__Work order__.
Beginning with the line containing "Gentleman’s Armour Kadi" and ending at the last line of the data, set down every line exactly, leaving out all pictures.

BEGIN

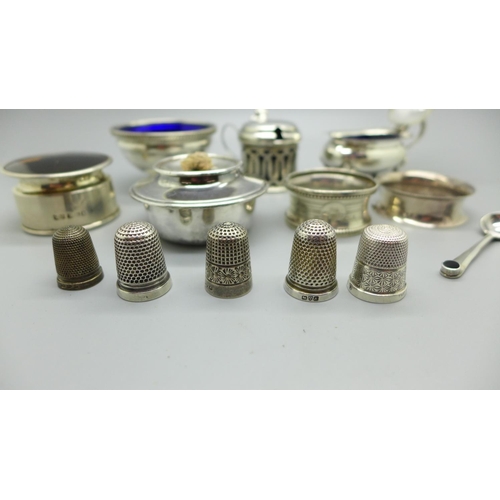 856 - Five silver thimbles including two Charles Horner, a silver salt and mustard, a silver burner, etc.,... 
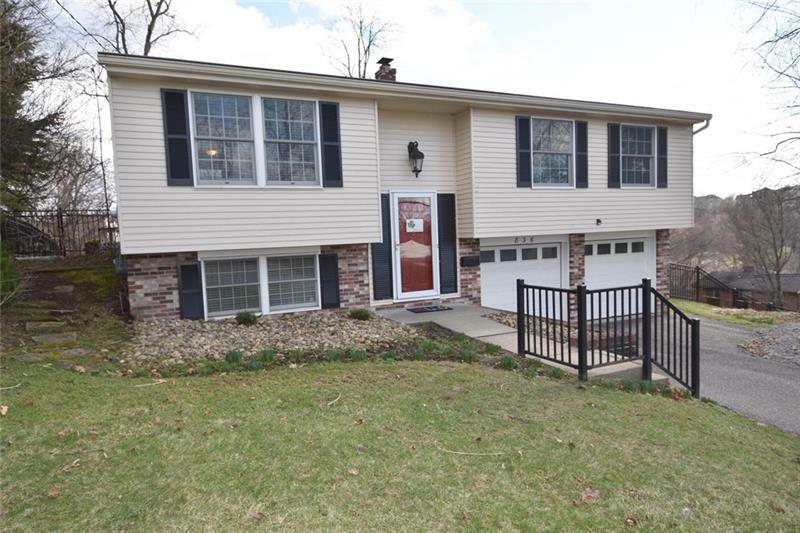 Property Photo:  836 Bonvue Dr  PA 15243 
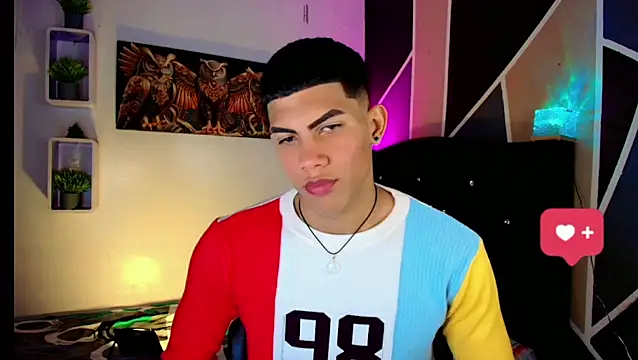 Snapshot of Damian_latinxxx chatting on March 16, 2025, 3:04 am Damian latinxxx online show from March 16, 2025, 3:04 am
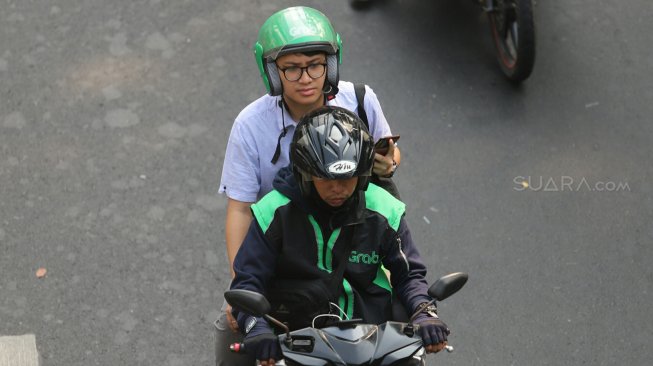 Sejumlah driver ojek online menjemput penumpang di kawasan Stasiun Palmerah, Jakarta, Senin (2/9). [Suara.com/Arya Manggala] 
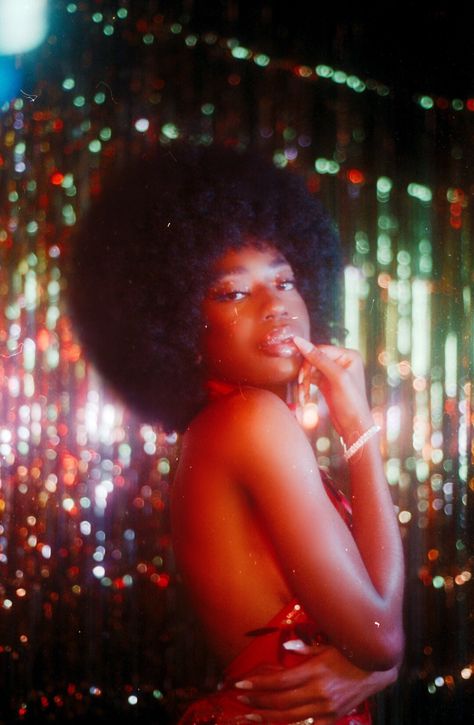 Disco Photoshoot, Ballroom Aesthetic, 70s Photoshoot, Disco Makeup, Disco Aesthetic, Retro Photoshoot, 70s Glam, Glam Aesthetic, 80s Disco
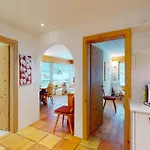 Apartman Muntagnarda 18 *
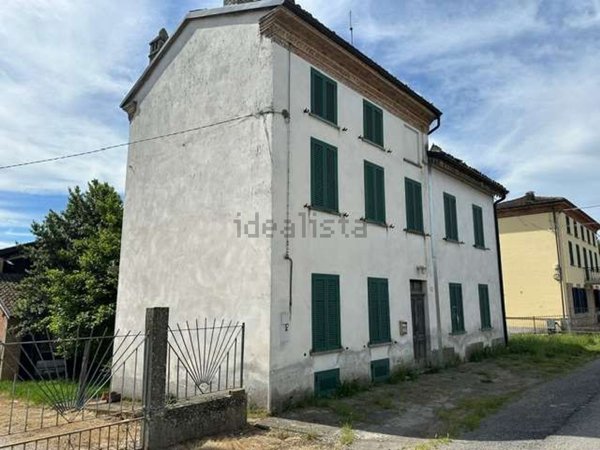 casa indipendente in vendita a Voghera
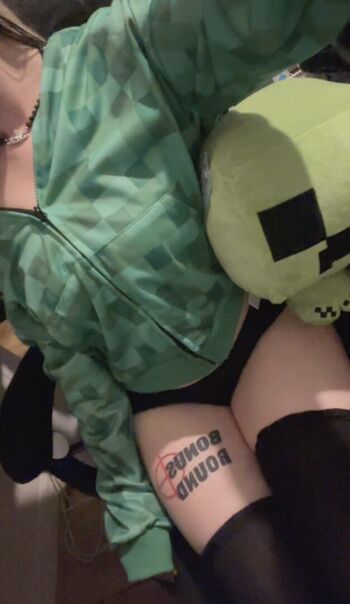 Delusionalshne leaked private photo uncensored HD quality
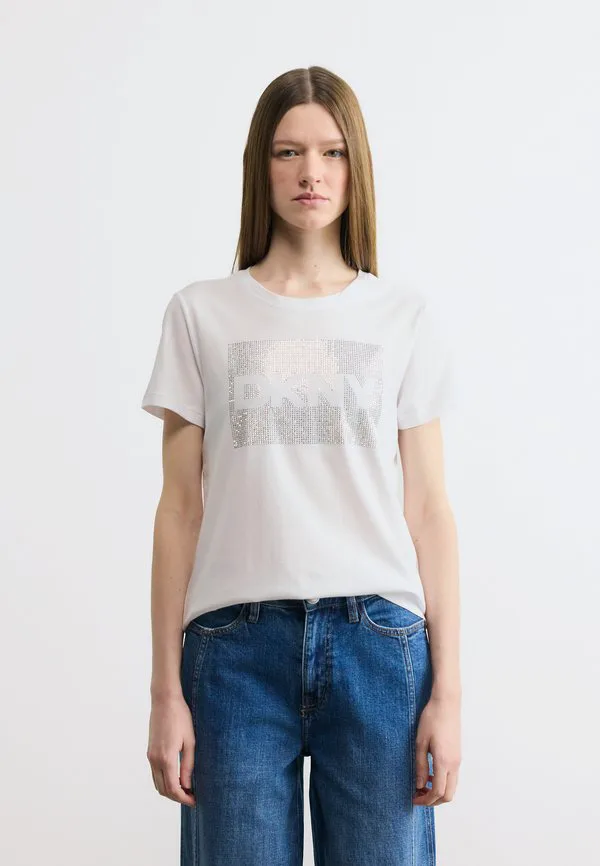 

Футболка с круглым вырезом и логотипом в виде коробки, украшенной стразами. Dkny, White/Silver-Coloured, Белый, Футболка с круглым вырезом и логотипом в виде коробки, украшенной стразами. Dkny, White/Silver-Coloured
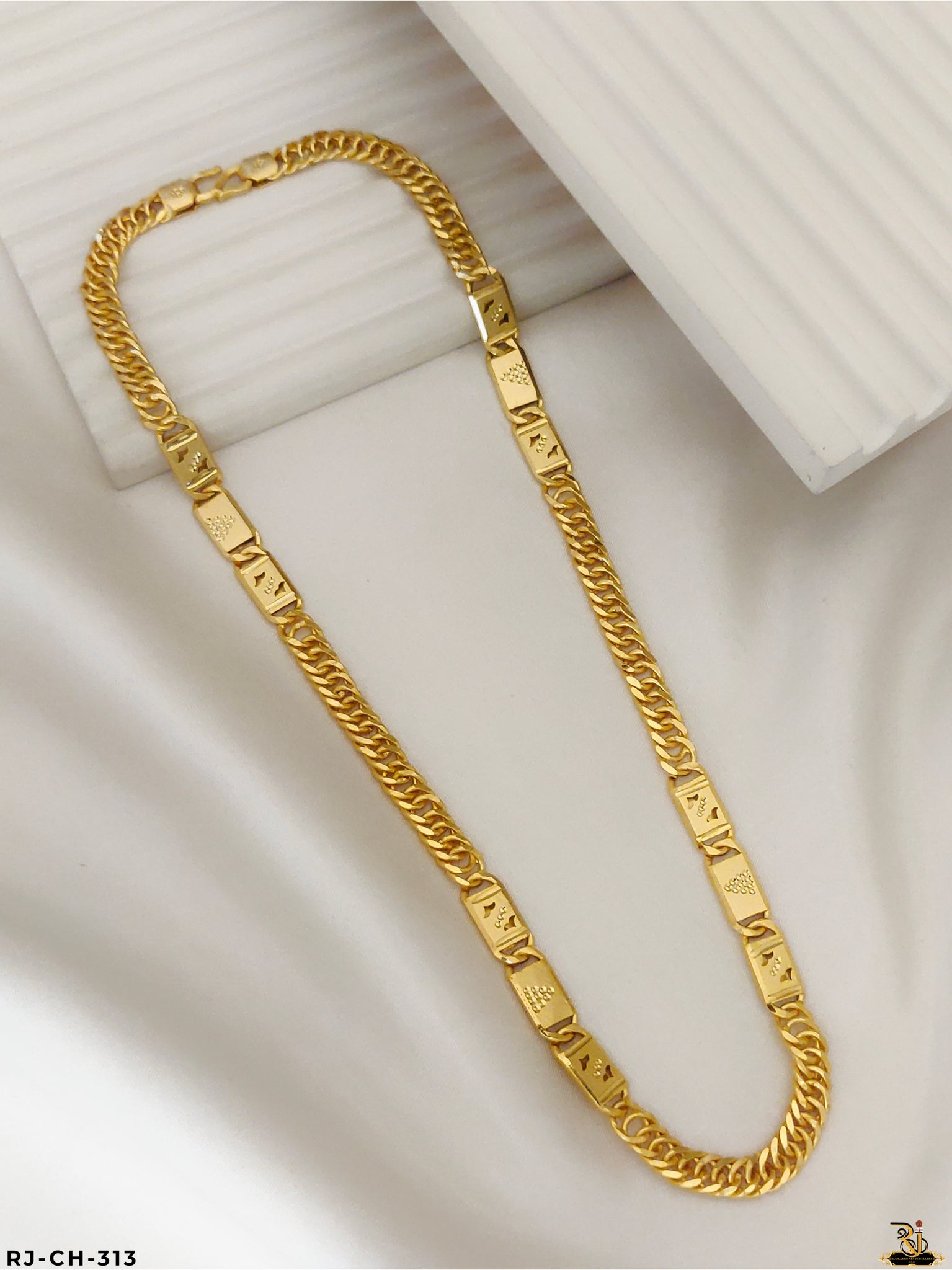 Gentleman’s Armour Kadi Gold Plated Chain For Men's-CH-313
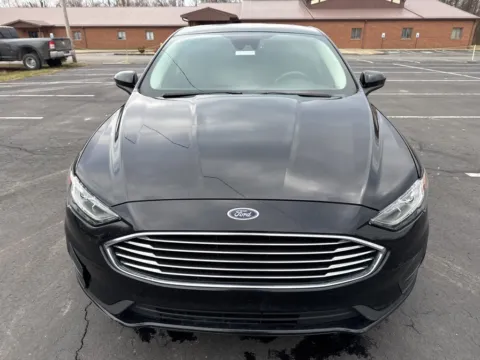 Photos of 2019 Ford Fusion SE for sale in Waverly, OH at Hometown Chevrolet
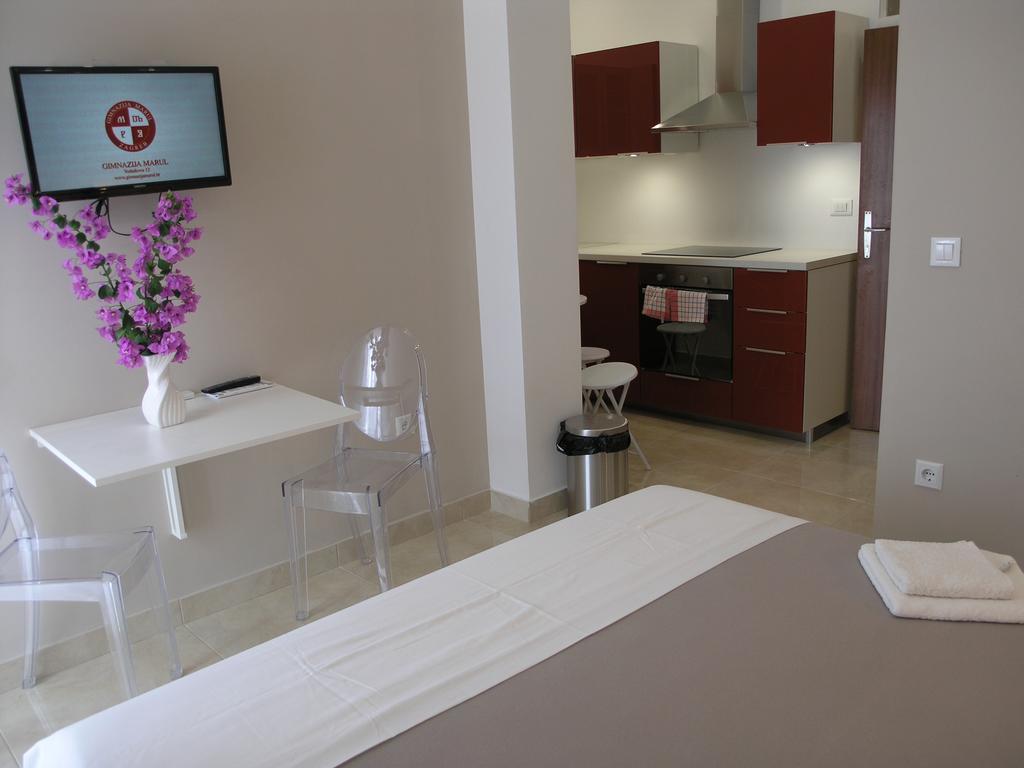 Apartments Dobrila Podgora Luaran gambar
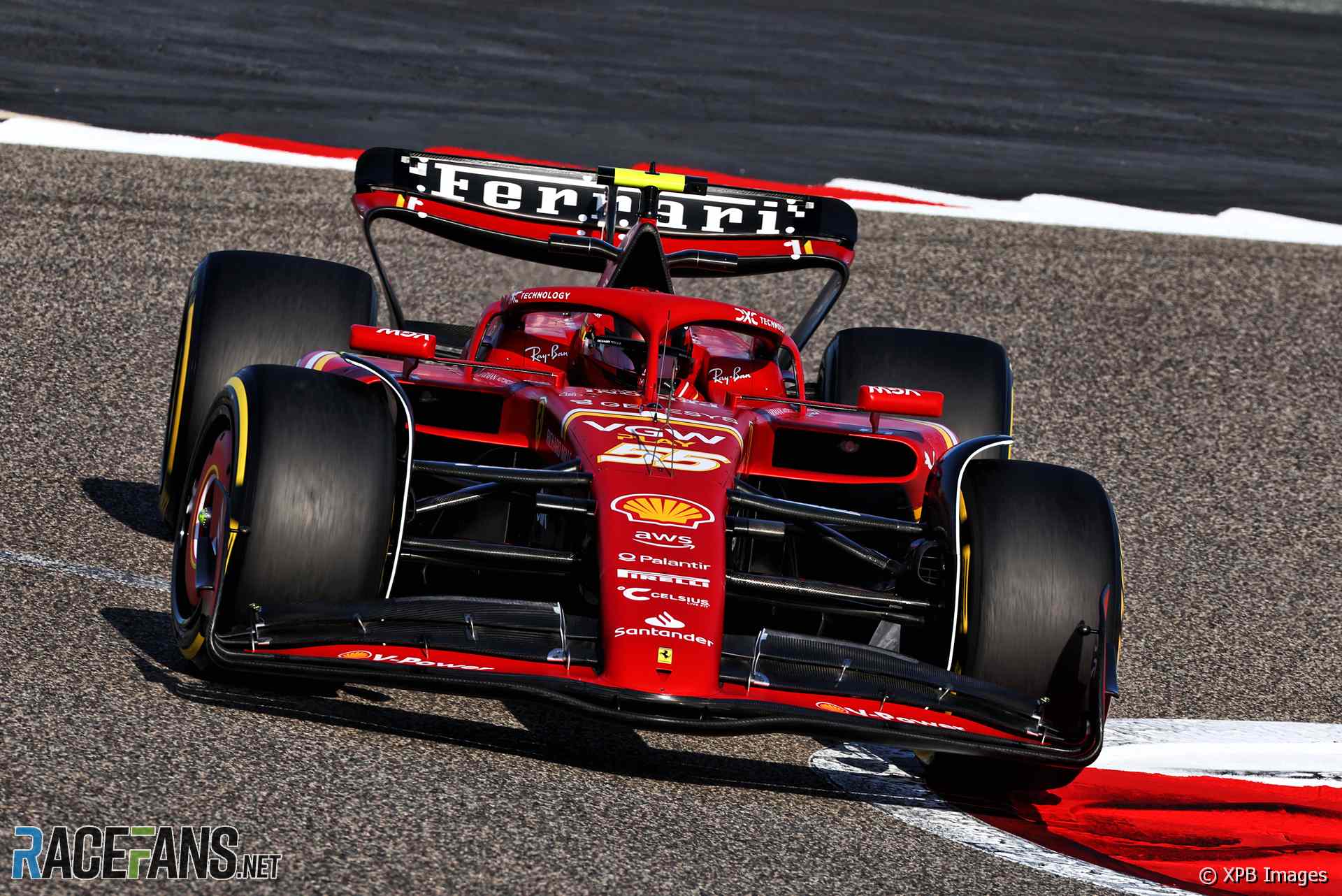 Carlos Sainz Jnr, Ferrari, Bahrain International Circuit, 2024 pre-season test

END

__Reply to the task__.
 Gentleman’s Armour Kadi Gold Plated Chain For Men's-CH-313
 Photos of 2019 Ford Fusion SE for sale in Waverly, OH at Hometown Chevrolet
 Apartments Dobrila Podgora Luaran gambar
 Carlos Sainz Jnr, Ferrari, Bahrain International Circuit, 2024 pre-season test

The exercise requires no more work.